§ **DATASET CONTENT**:
===============
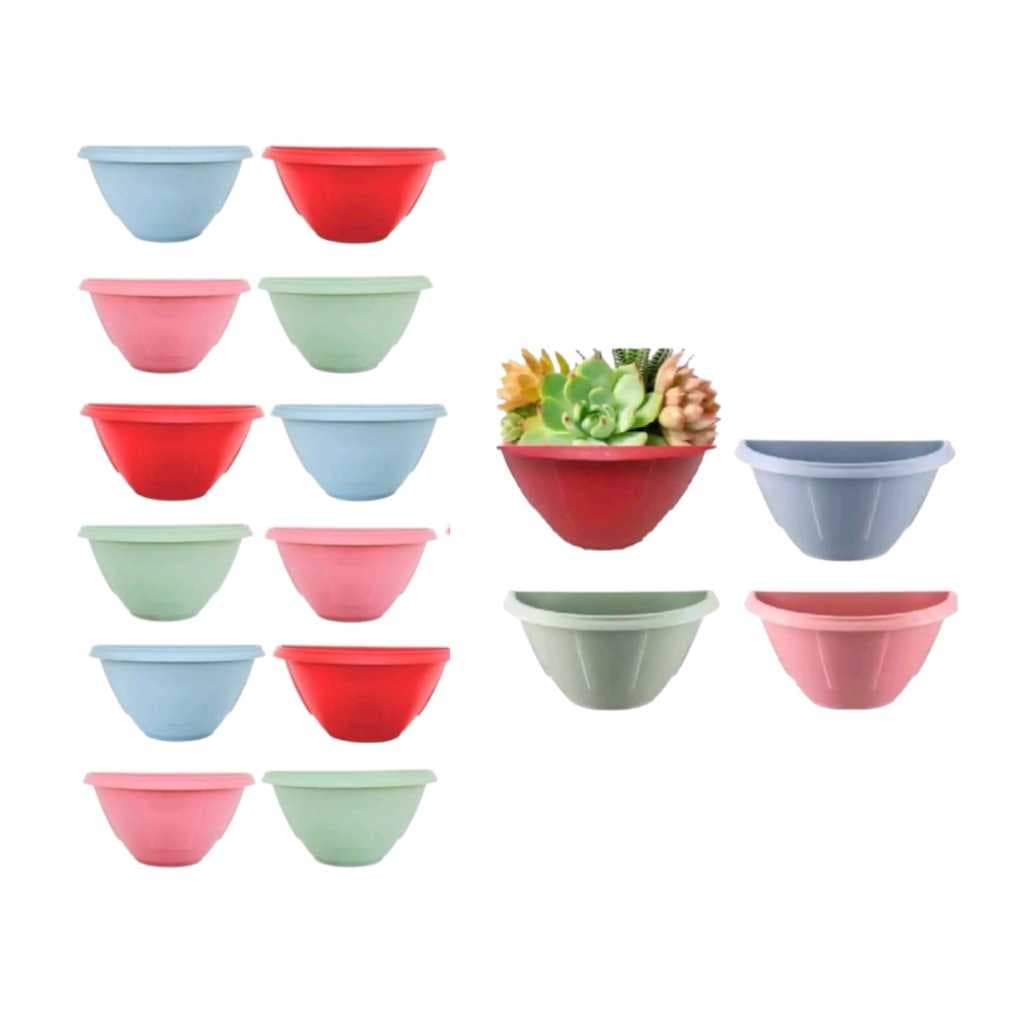 Kit  Mini Vasinhos Vaso Meia Lua De Parede Pequeno Para Plantas Artificial 16x8,5x8cm Coloridos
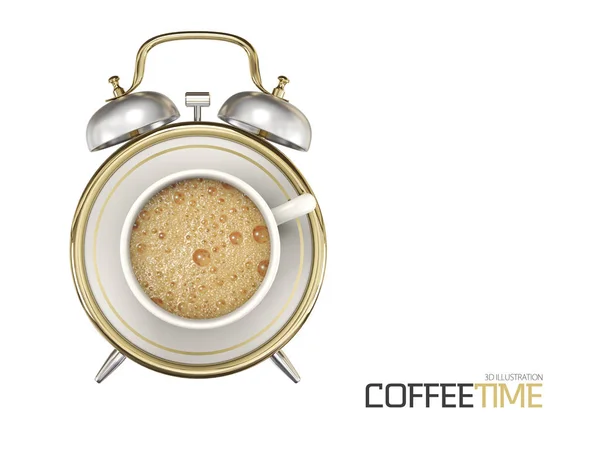 커피 컵 시간 시계 컨셉 디자인 배경, 3d 그림 — 스톡 사진
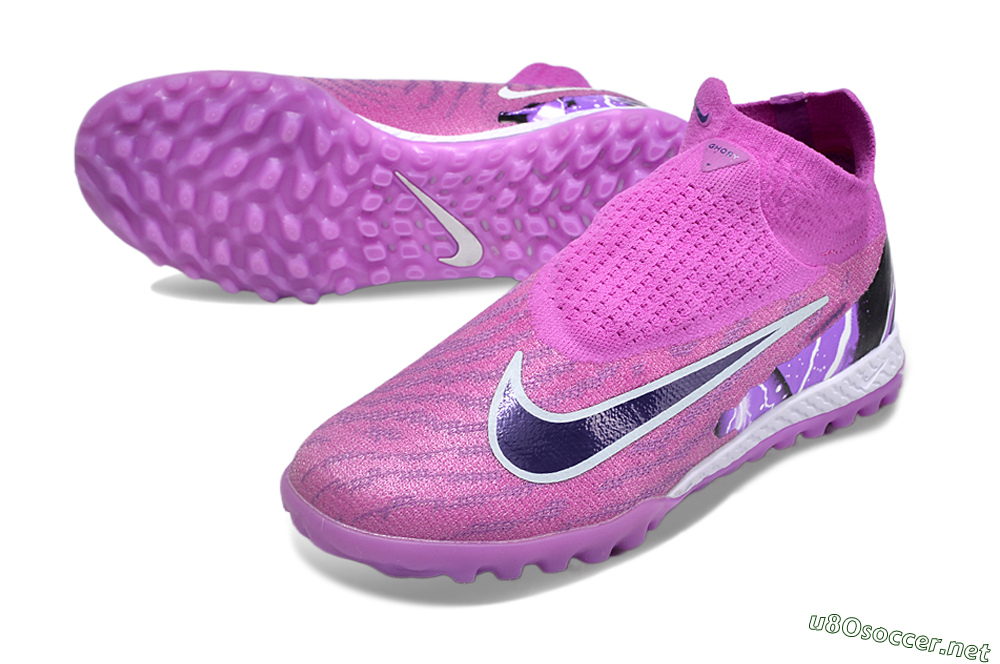 Men's Nike Phantom GX Elite DF Link TF Football Shoes - Purple/Black/White 3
===============
§ **WORK REQUIRED**: Pictures stay out of the copy; print the material above exactly.

§ **SOLUTION TO THIS TASK**:
 Kit  Mini Vasinhos Vaso Meia Lua De Parede Pequeno Para Plantas Artificial 16x8,5x8cm Coloridos
 커피 컵 시간 시계 컨셉 디자인 배경, 3d 그림 — 스톡 사진
 Men's Nike Phantom GX Elite DF Link TF Football Shoes - Purple/Black/White 3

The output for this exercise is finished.